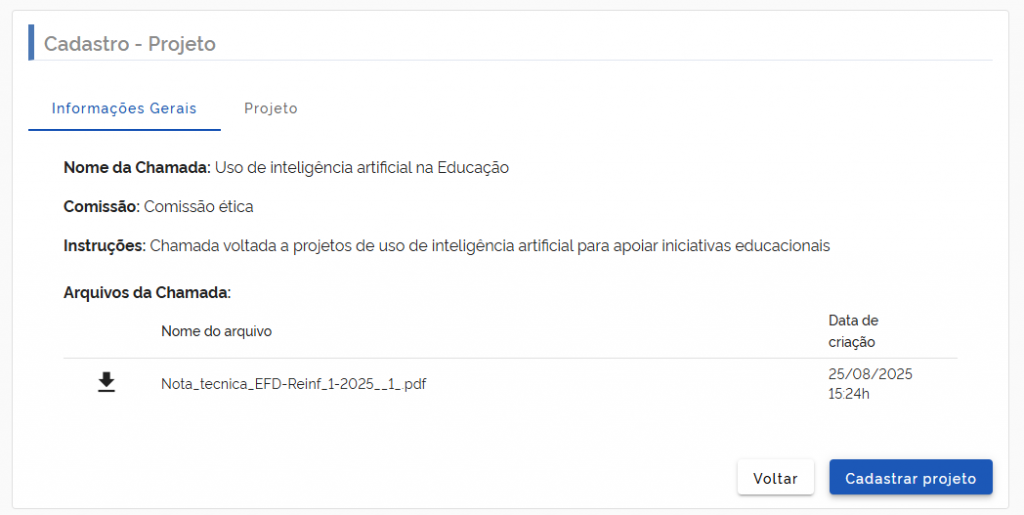 Dados básicos do projeto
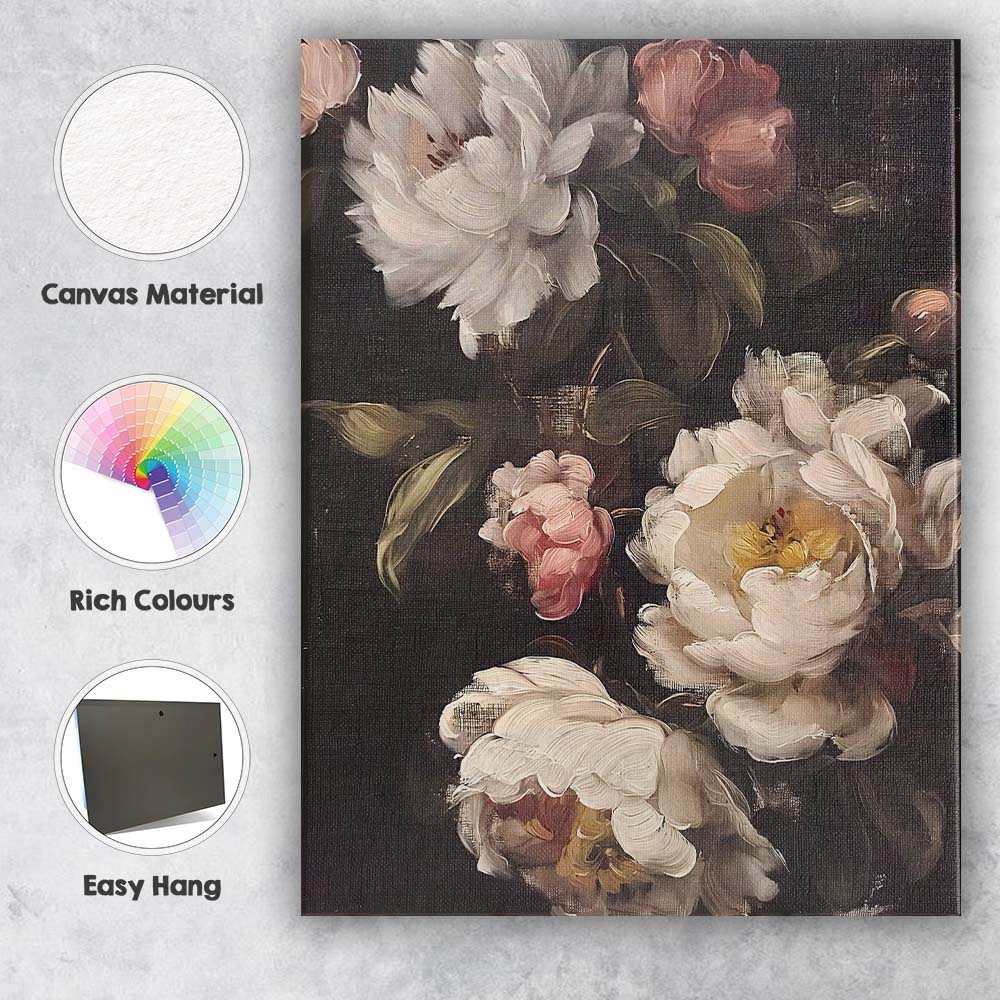Dark Romantic White Peony Floral Still Life Canvas Wall Art Print Decor Picture Ready to Hang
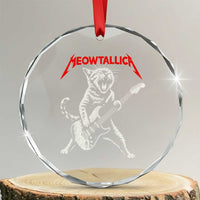 Funny Cat Playing Guitar Crystal Glass Ornament Vintage 90s Classic Rock Star Cat Graphic Rock and Roll - Wonder Print Shop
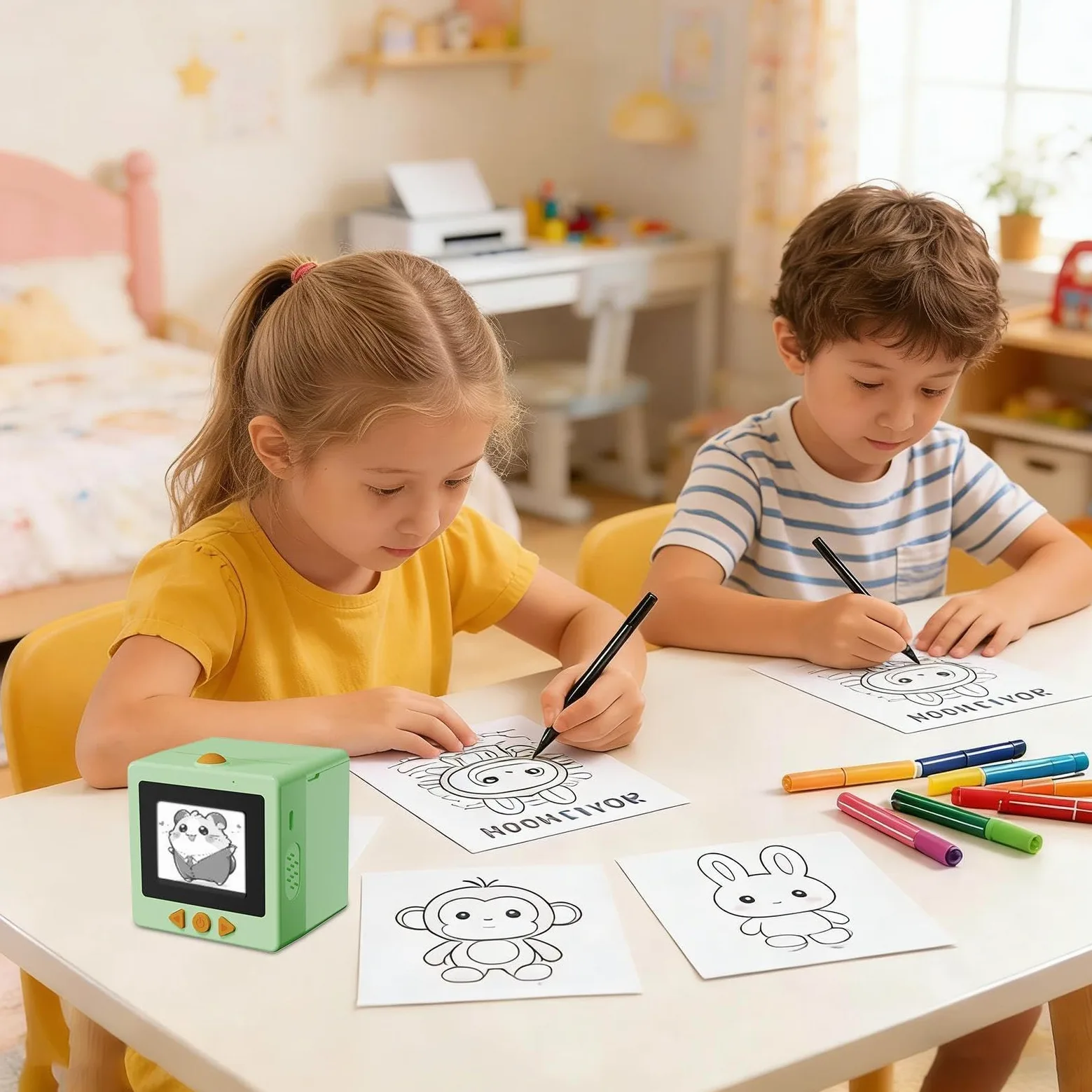 Stampante Per Adesivi - Scatola Di Stampa Portatile Senza Inchiostro Ad | Attivazione Vocale AI, Stampante Per Etichette Con Schermo Di Visualizzazione Per La Scuola Sul Posto Di Lavoro A Casa | Disp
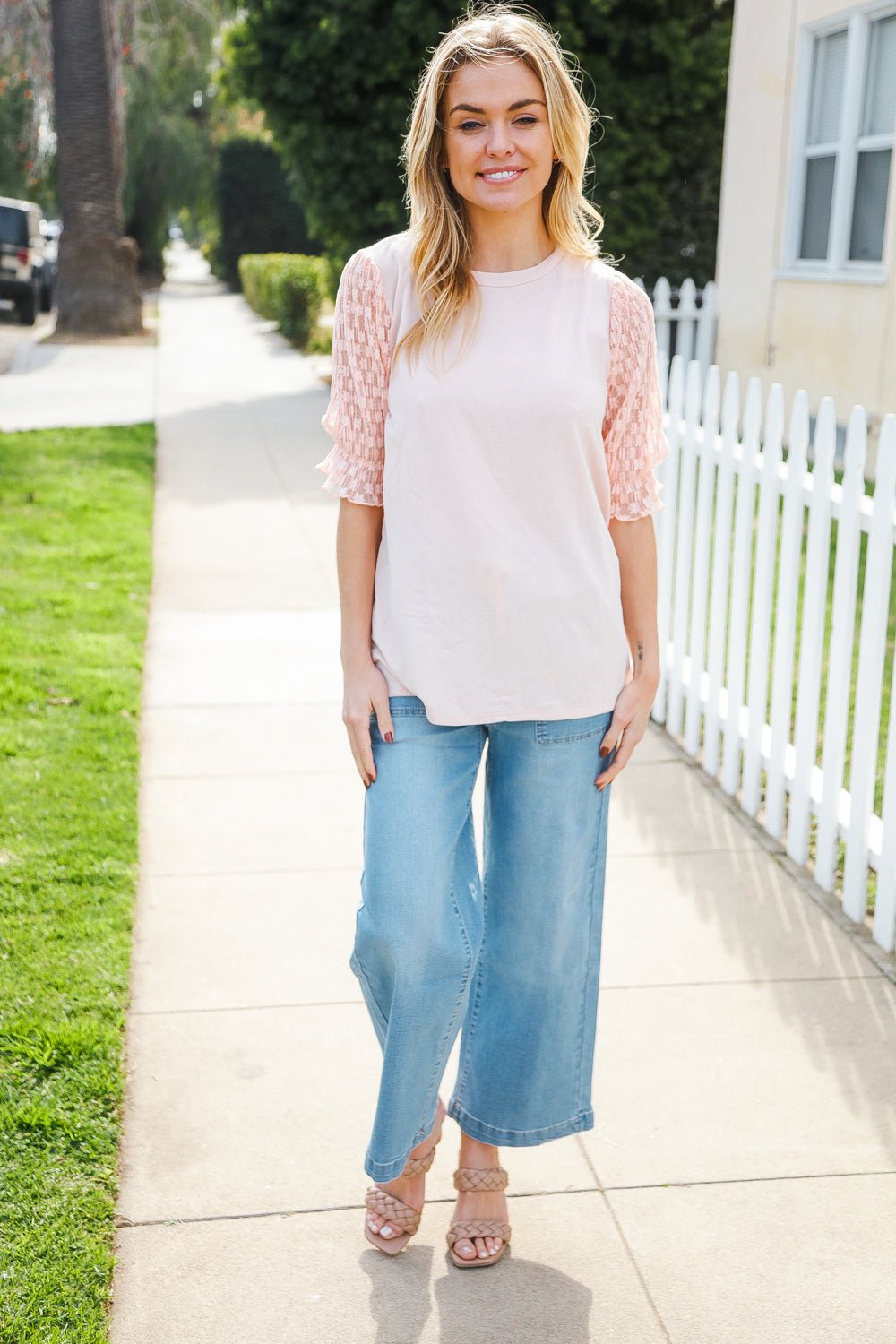 Adorable You Peach French Terry Lace Sleeve Tops - Nikki &amp; Co. Boutique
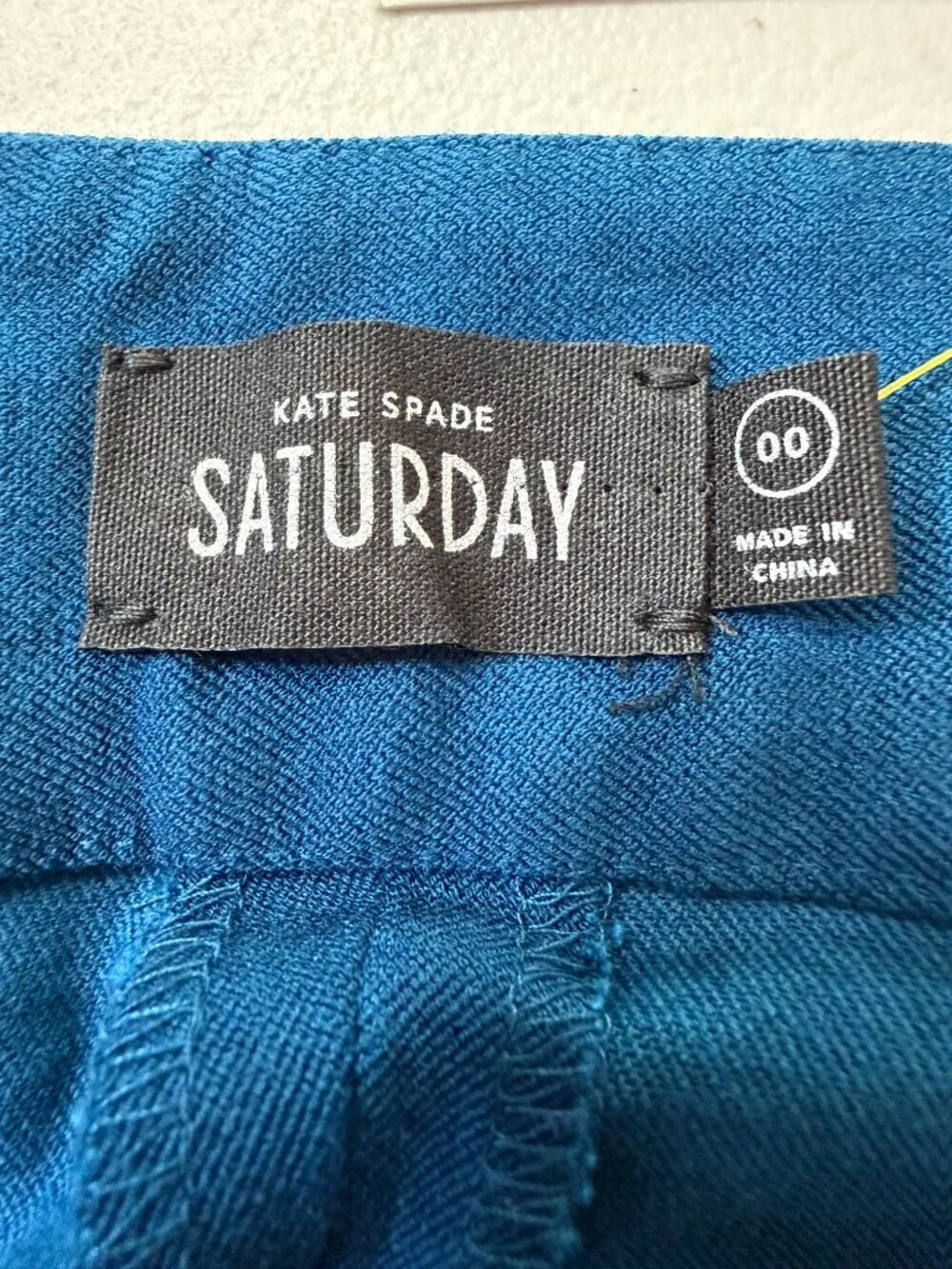 Kate Spade Saturday The Pipeline Pant Peacock Blue Ankle Pants Size 00 NWT
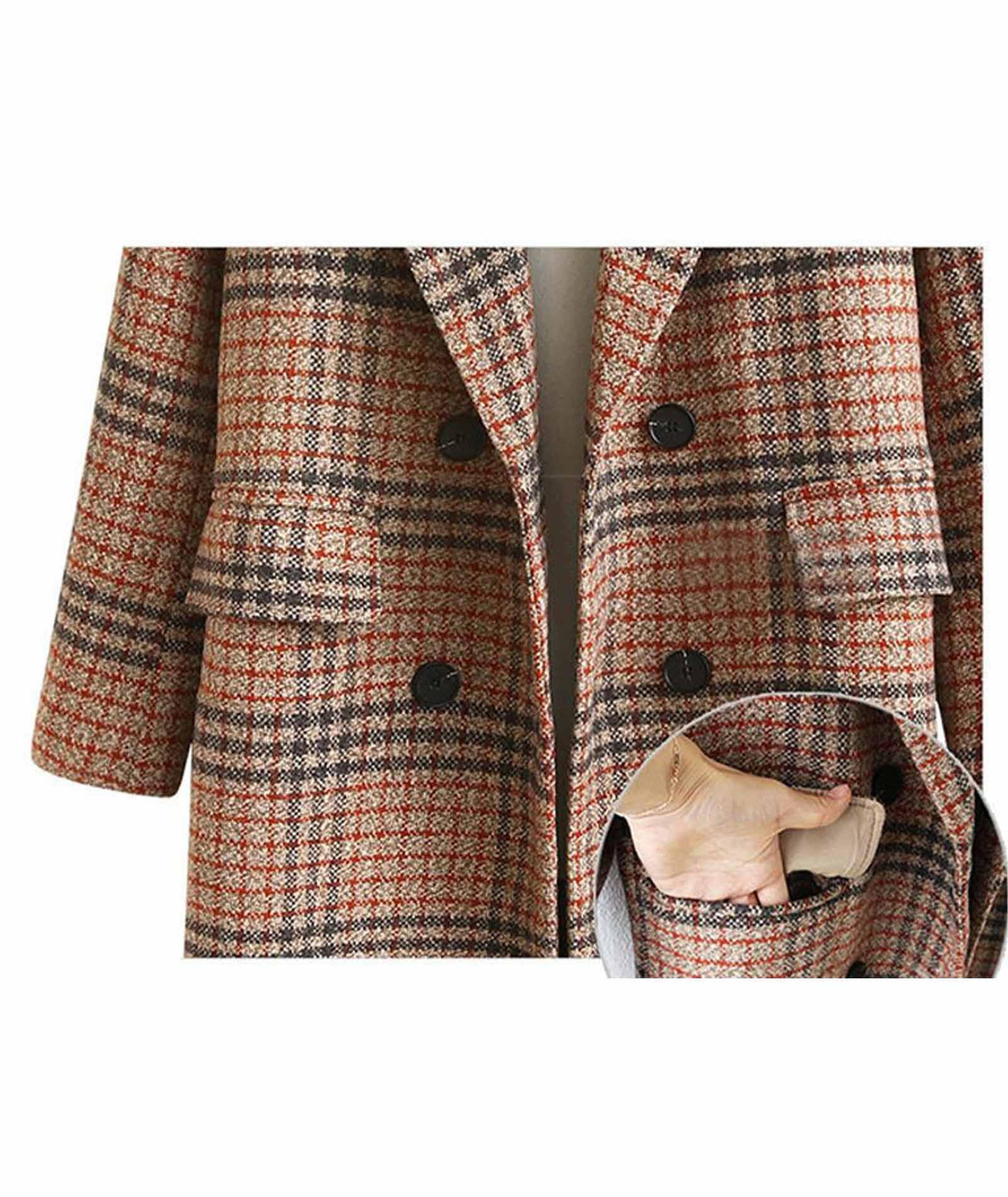 xxxiticat Cappotti a maglia da donna con bottoni a doppia fila invernale sciolti misto lana cappotto capispalla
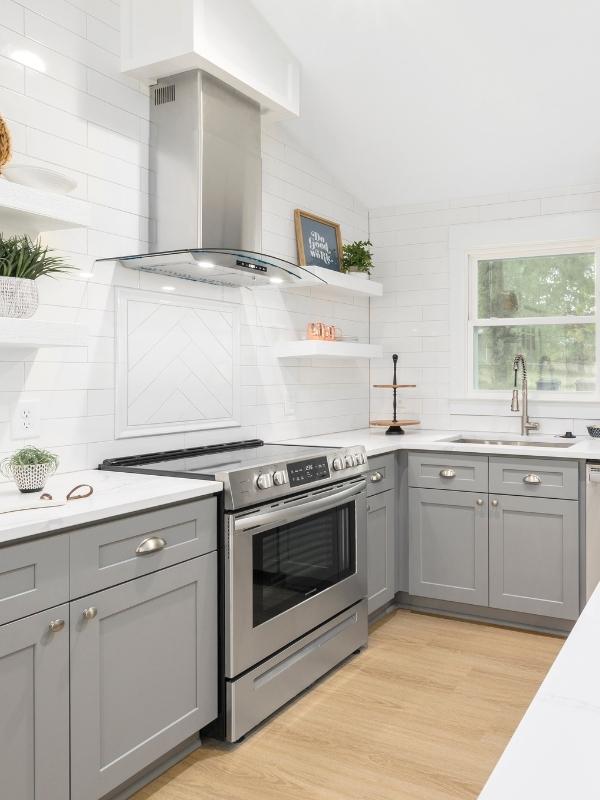kitchen interiors with white countertops and grey cabinets norfolk va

......

- **What the task asks**:
Each line from the one containing "Kate Spade Saturday" through the final line of the data must be reproduced exactly, both ends included, with no pictures in the copy.

- **Solution to this problem**:
 Kate Spade Saturday The Pipeline Pant Peacock Blue Ankle Pants Size 00 NWT
 xxxiticat Cappotti a maglia da donna con bottoni a doppia fila invernale sciolti misto lana cappotto capispalla
kitchen interiors with white countertops and grey cabinets norfolk va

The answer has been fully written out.